=== Section Start ===

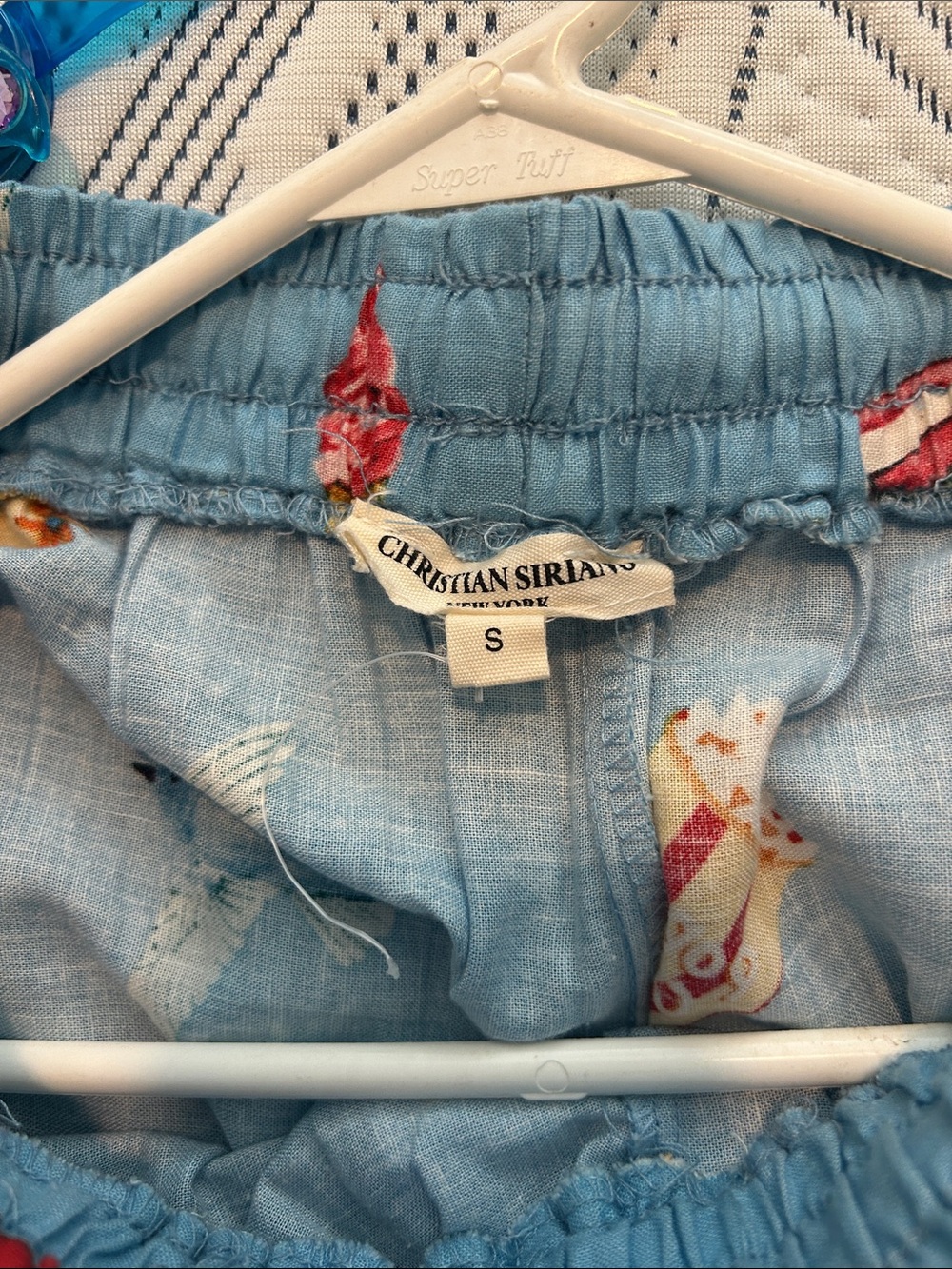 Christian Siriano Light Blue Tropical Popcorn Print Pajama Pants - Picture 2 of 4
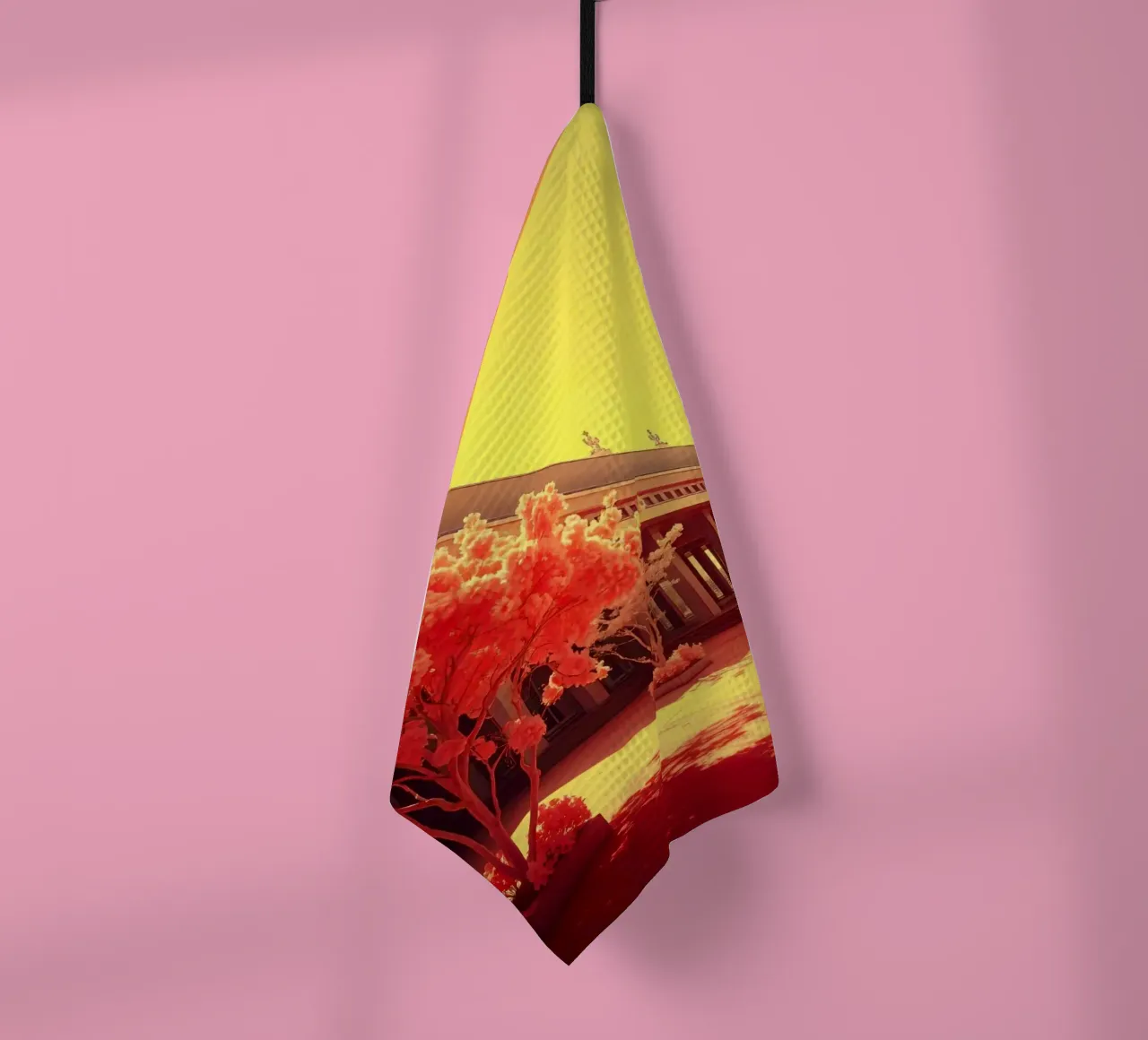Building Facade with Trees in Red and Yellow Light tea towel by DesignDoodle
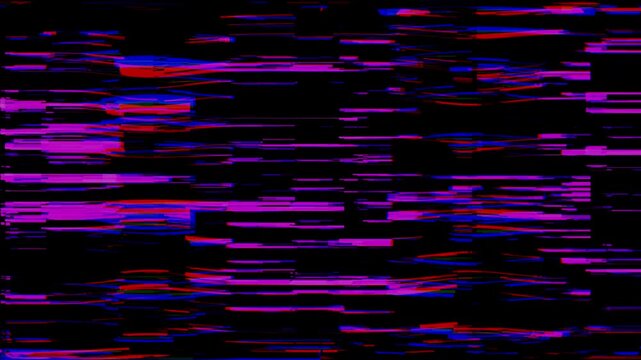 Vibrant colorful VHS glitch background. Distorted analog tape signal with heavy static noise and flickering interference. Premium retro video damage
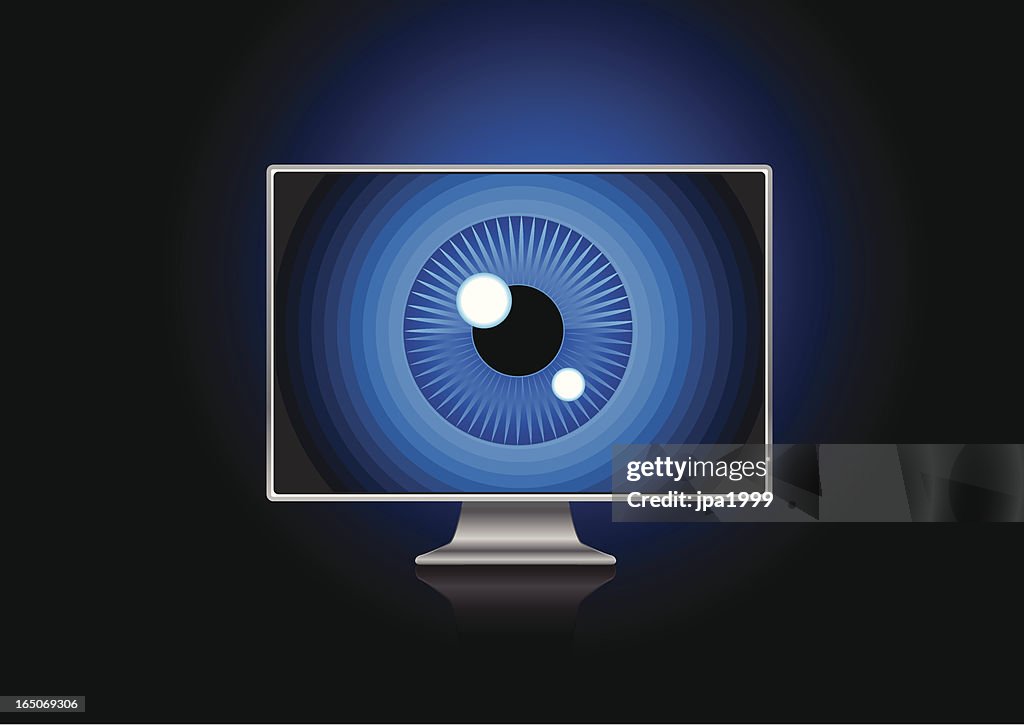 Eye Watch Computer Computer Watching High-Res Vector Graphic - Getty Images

=== Section End ===

__Your objective__: An exact copy of the data is required, with the pictures excluded.

__Your solution__:
 Christian Siriano Light Blue Tropical Popcorn Print Pajama Pants - Picture 2 of 4
Building Facade with Trees in Red and Yellow Light tea towel by DesignDoodle
 Vibrant colorful VHS glitch background. Distorted analog tape signal with heavy static noise and flickering interference. Premium retro video damage
 Eye Watch Computer Computer Watching High-Res Vector Graphic - Getty Images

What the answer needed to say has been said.